E poiché le leggi elettorali vengono fatte nei singoli stati da assemblee legislative controllate da uno o dall’altro partito, in sintonia con il governatore dello stesso partito, si vede facilmente quanto alto è il potenziale di distorsione delle libere elezioni, nonostante una famosa sentenza del 1962 della Corte suprema che, contro le discriminazioni razziali, sentenziò l’aureo principio “un uomo un voto”.
Tutto ciò per dire che, comunque vadano queste elezioni, il sistema elettorale americano, come molti studiosi di quel paese vengono affermando da anni, ha grande bisogno di essere riformato.

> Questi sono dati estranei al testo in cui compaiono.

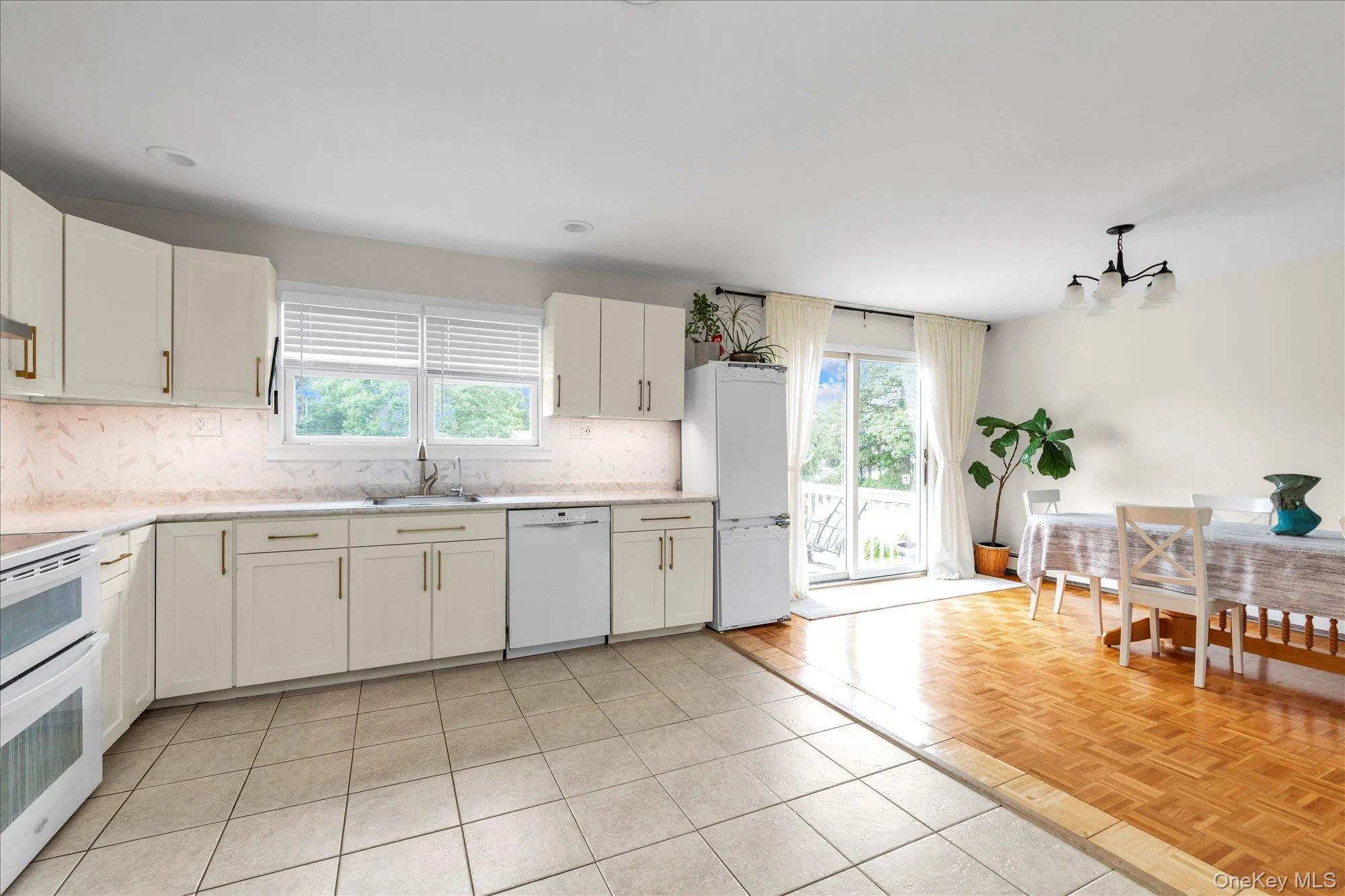 583 Erie Avenue, Babylon, NY, 6 Bedrooms Bedrooms, 15 Rooms Rooms,3 BathroomsBathrooms,Residential,For Rent,Erie,0,1030232 583 Erie Avenue, Babylon, NY, 6 Bedrooms Bedrooms, 15 Rooms Rooms,3 BathroomsBathrooms,Residential,For Rent,Erie,0,1030232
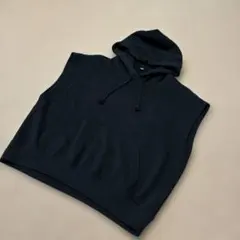 UNIQLO ノースリーブパーカー ブラックのサムネイル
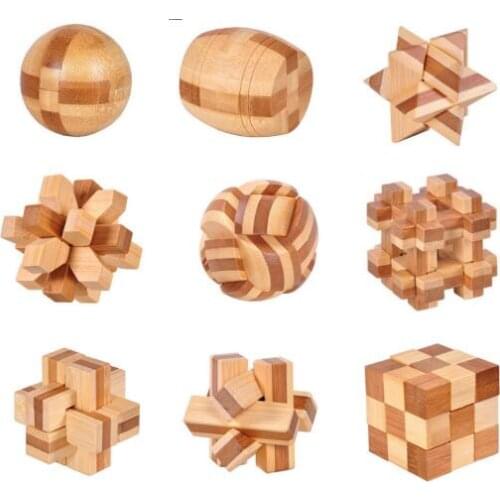 Mini Size IQ Bamboo Wooden Brain Teaser Burr Puzzles Game 4.5cm
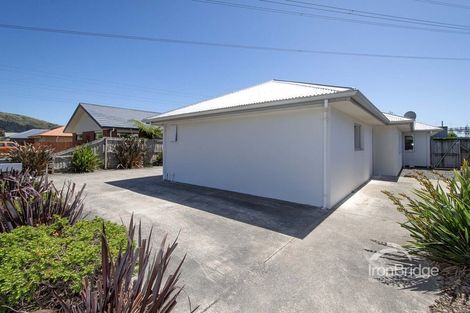 Photo of property in 72 Mauger Drive, Heathcote Valley, Christchurch, 8022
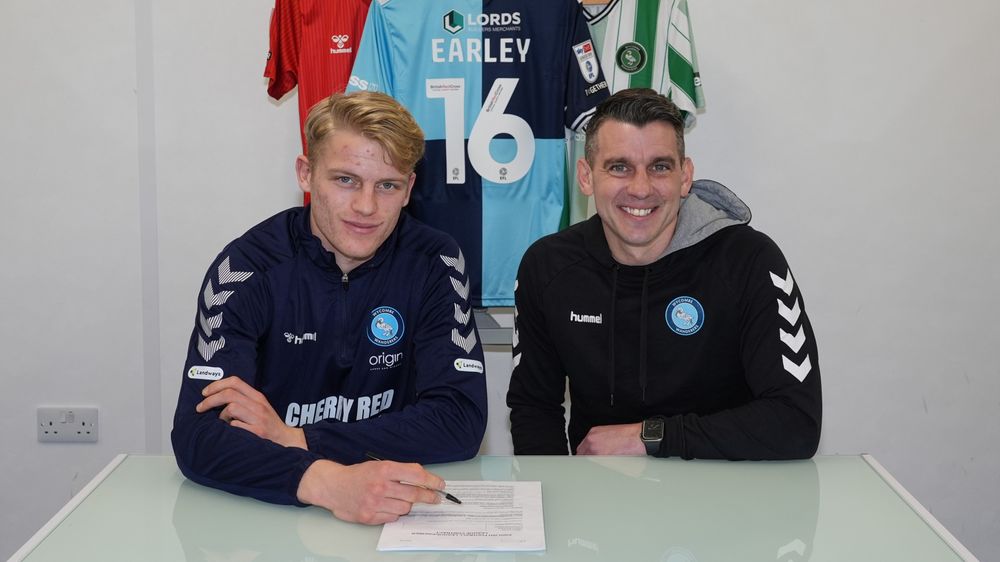 Saxon signs! - Wycombe Wanderers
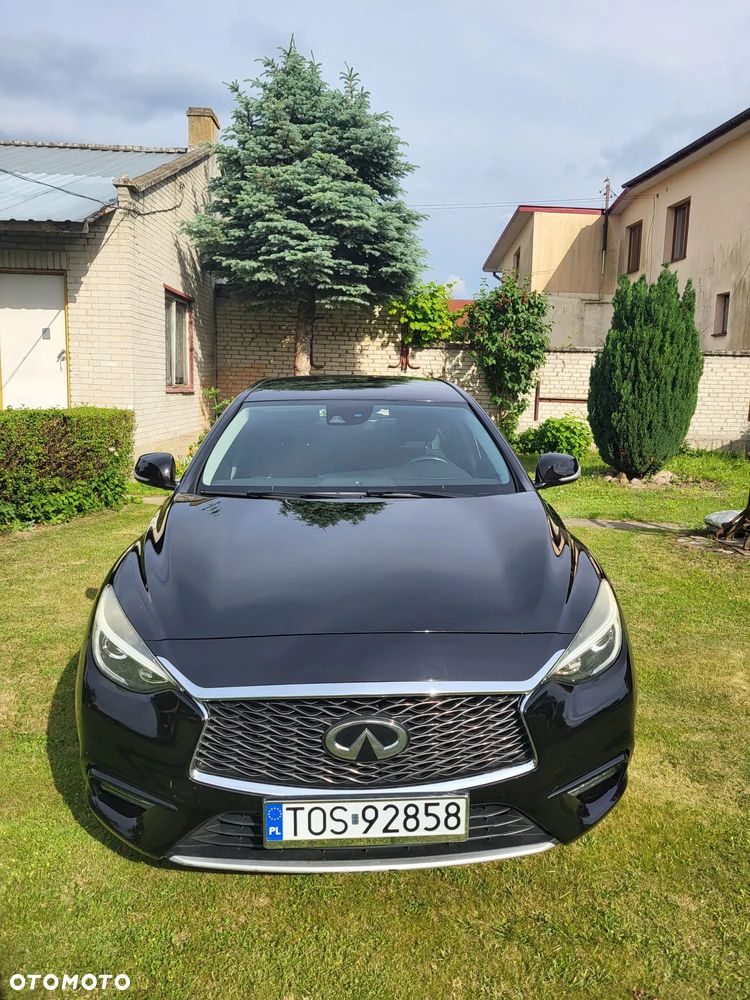 Infiniti Q30 1.5d - 2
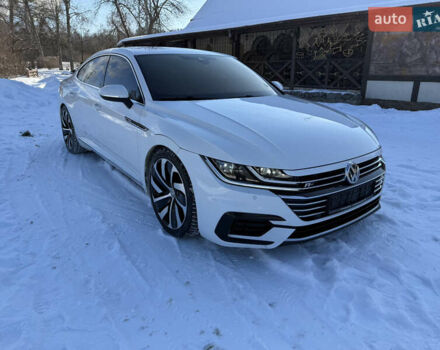 Белый Фольксваген Arteon, объемом двигателя 2 л и пробегом 140 тыс. км за 22000 $, фото 1 на Automoto.ua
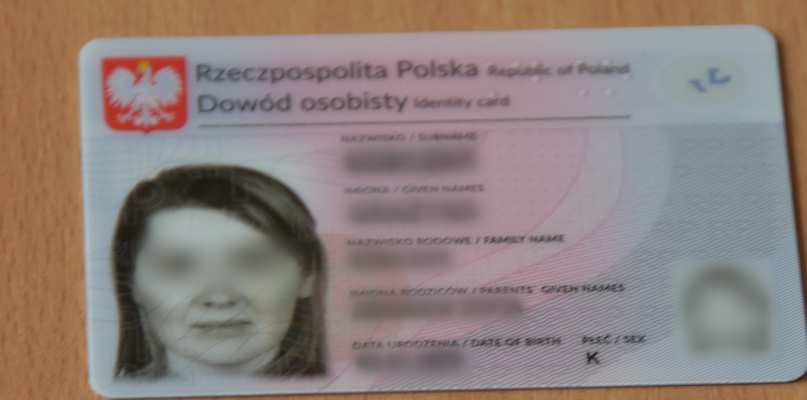 Kobieta przyznała, że od dwóch lat posługuje się dowodem, w którym prawdziwe jest tylko zdjęcie, natomiast dane nie są jej. Zdjęcie ilustracyjne. Fot. DDWloclawek.pl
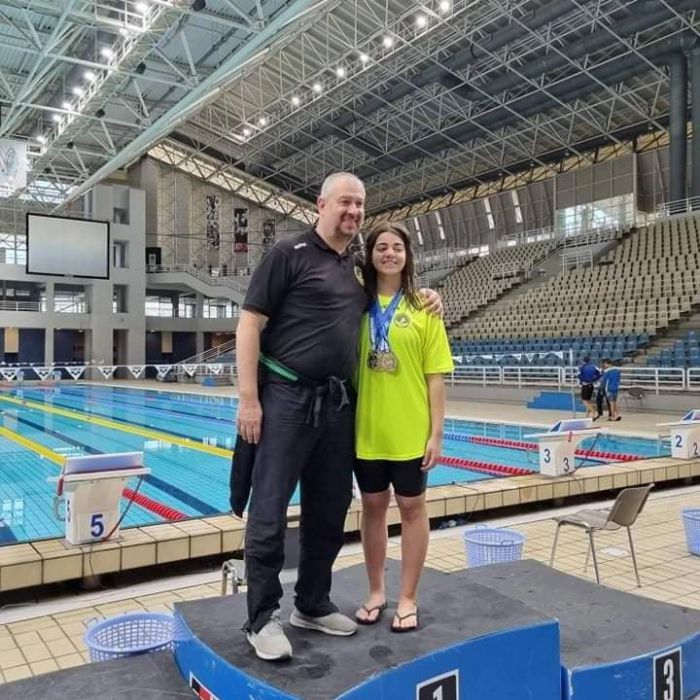 &Tau;έ&sigma;&sigma;&epsilon;&rho;&alpha; &chi;&rho;&upsilon;&sigma;ά &gamma;&iota;&alpha; &tau;&eta;&nu; 16&chi;&rho;&omicron;&nu;&eta; &Sigma;&tau;&alpha;&upsilon;&rho;&omicron;ύ&lambda;&alpha; &Delta;&omicron;&nu;&tau;&sigma;ί&omicron;&upsilon; &tau;&omicron;&upsilon; &Pi;&alpha;&nu;&alpha;&rho;&kappa;&alpha;&delta;&iota;&kappa;&omicron;ύ &Alpha;&theta;&lambda;&eta;&tau;&iota;&kappa;&omicron;ύ &Omicron;&mu;ί&lambda;&omicron;&upsilon; &Kappa;&omega;&phi;ώ&nu;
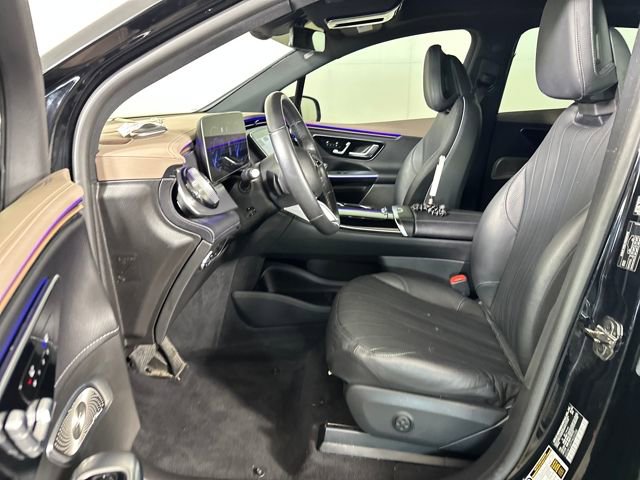 Used 2023 Mercedes-Benz EQE 350+ 4MATIC SUV w/ Pinnacle Trim Package image 11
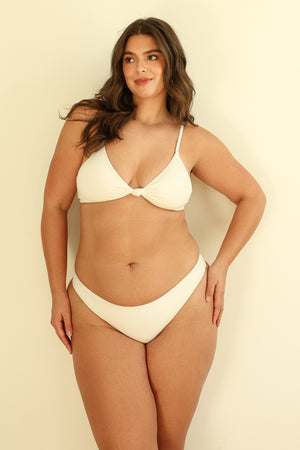 Hannah is 5'10" wearing XL.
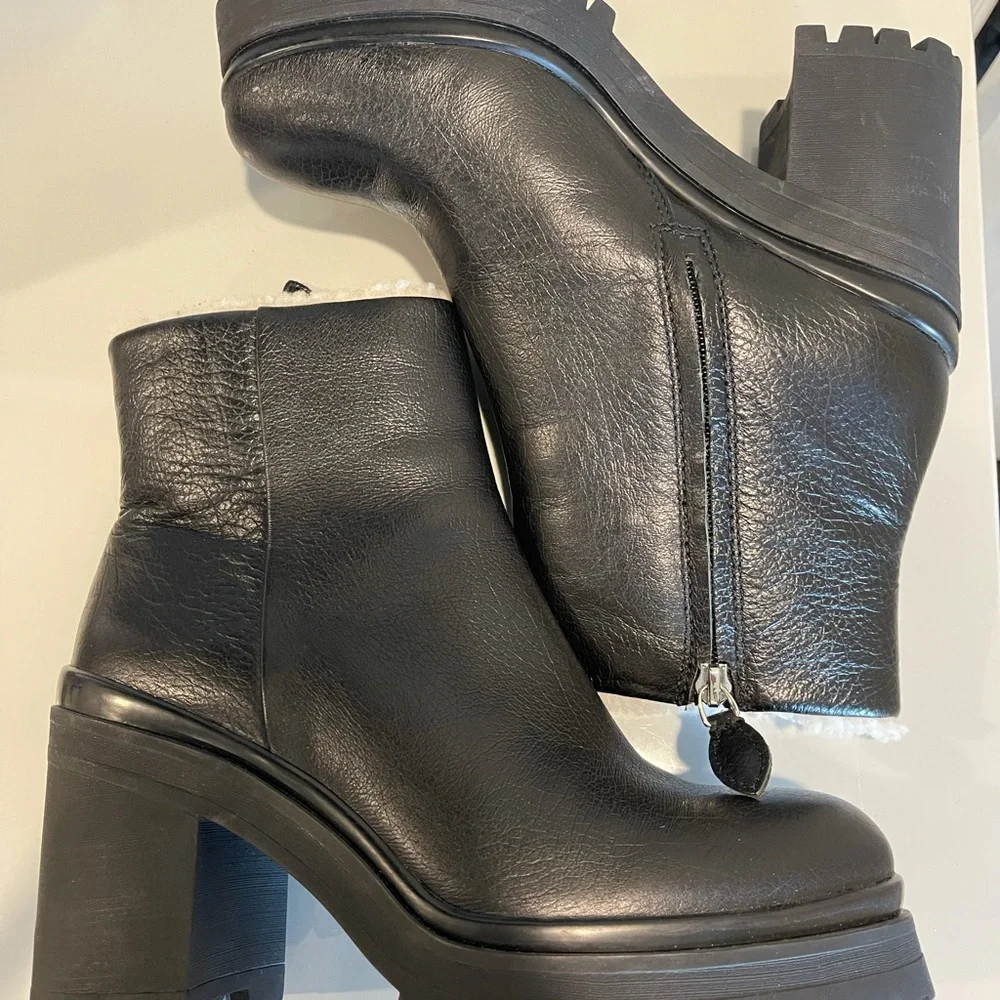Rebecca Minkoff Milano Shearling booties | Sz 8.5 - Picture 7 of 8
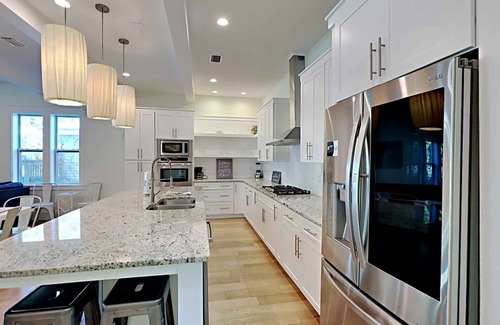 Crystal Beach House | Destination Paradise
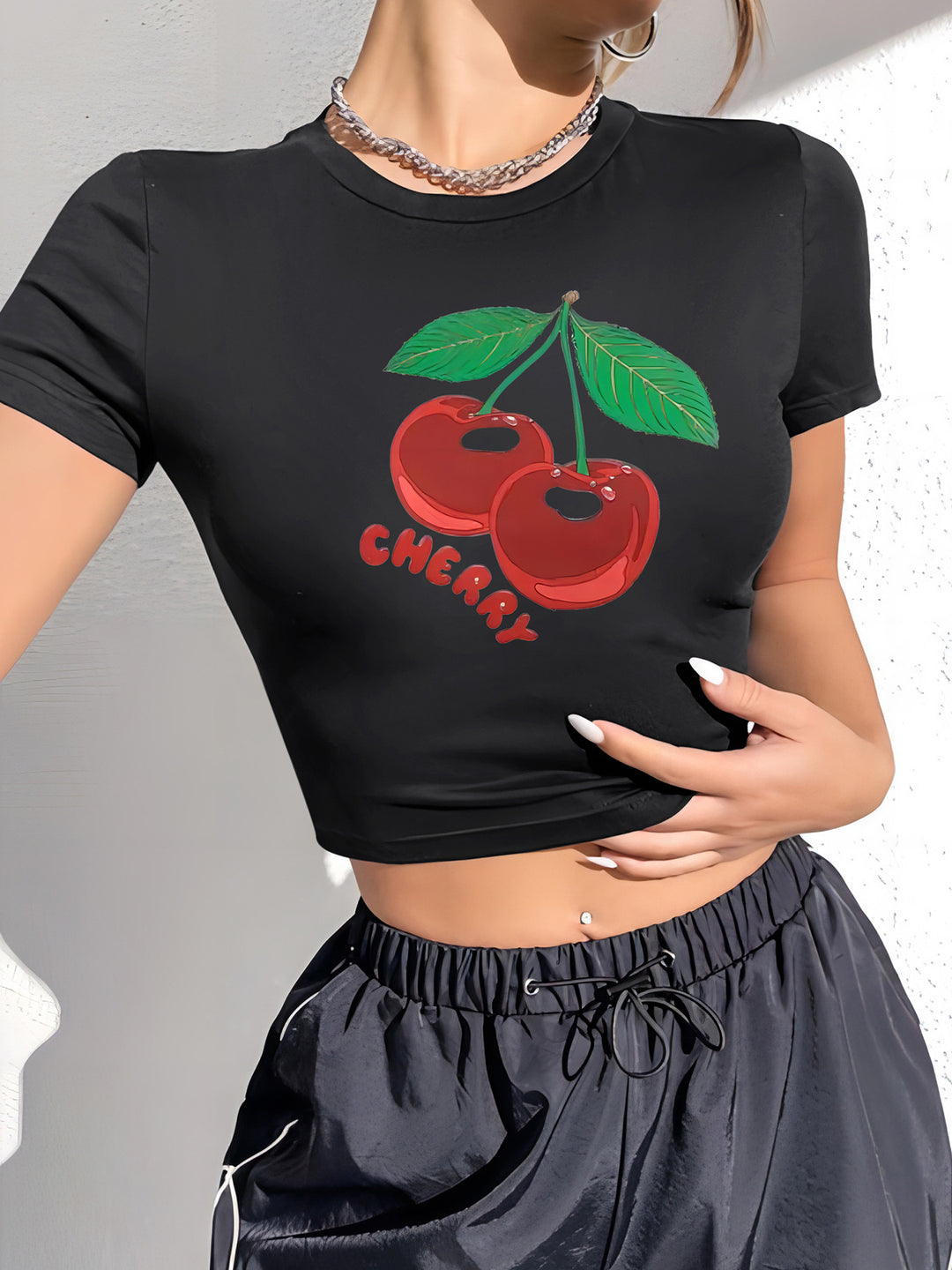 Damen Crop-T-Shirt mit fröhlichem Kirschmotiv EB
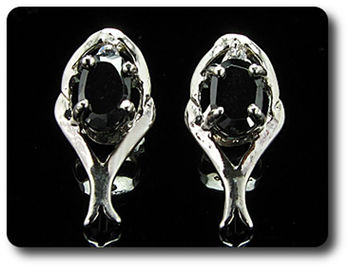 BOUCLES D'OREILLE SAPHIR NOIR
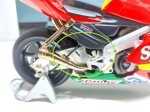 honda-rc211v-motogp-2006-24-toni-elias-112-altaya-difetto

La prima potenza industriale del mondo non può continuare a funzionare con un sistema di regole ideato per una società agricola; i “padri fondatori” credevano molto nella libertà, ma erano assai scettici nei confronti della democrazia come la intendiamo oggi: temevano lo strapotere delle masse, la volatilità dell’opinione pubblica e avevano ideato un sistema democratico più adatto a consentire l’esercizio del potere da parte di una oligarchia illuminata che non delle masse popolari. Oggi, forse, è tempo di cambiare.